● **How to complete this task**
The answer must reproduce exactly the lines from the one with "Used 2013 Vauxhall" through the end of the material, and it must contain no pictures.
Start of Data for review
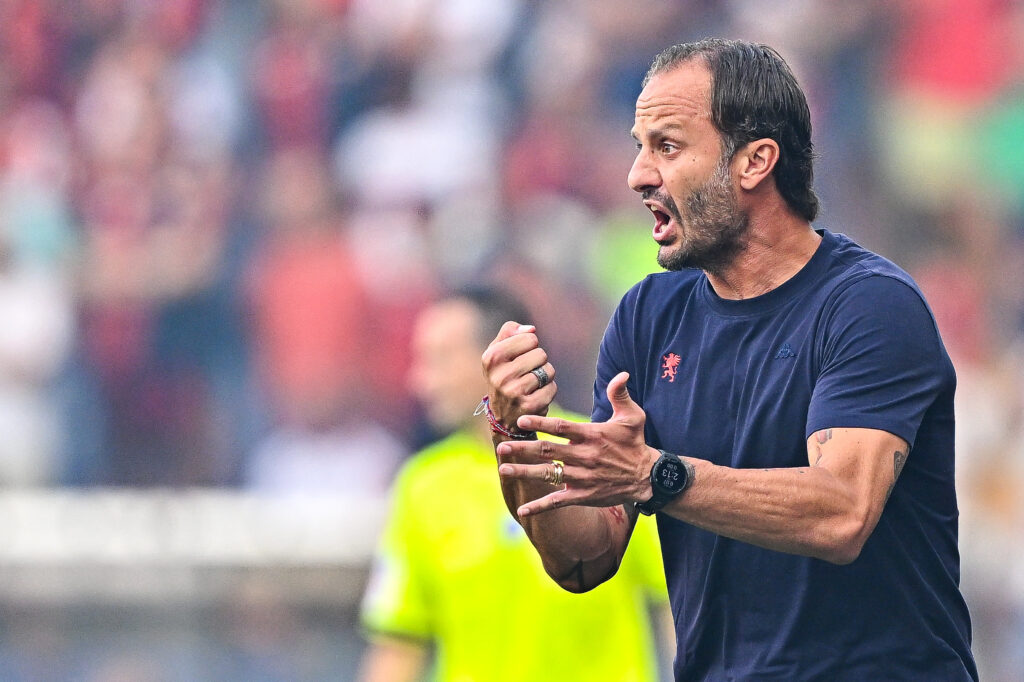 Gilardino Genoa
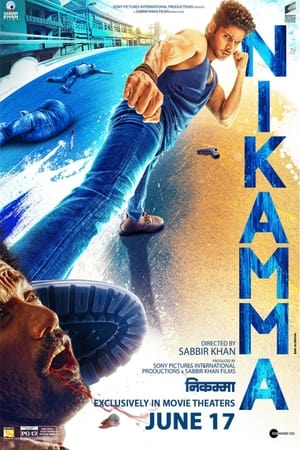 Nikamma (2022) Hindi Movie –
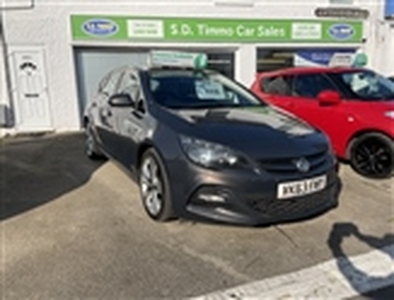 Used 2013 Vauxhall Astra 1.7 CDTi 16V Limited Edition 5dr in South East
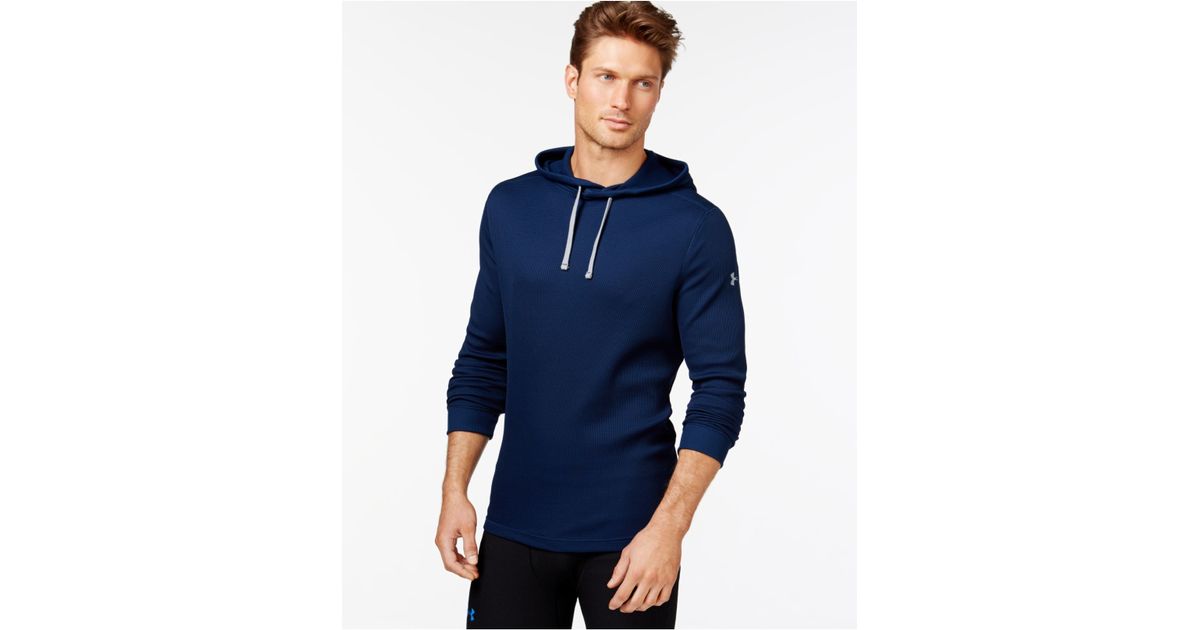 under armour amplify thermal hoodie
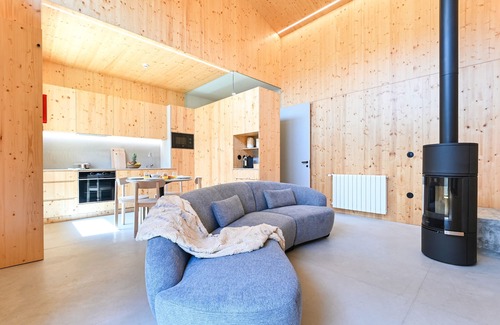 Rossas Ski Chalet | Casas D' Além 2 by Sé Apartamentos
End of Data for review
● **Task response**
 Used 2013 Vauxhall Astra 1.7 CDTi 16V Limited Edition 5dr in South East
 under armour amplify thermal hoodie
 Rossas Ski Chalet | Casas D' Além 2 by Sé Apartamentos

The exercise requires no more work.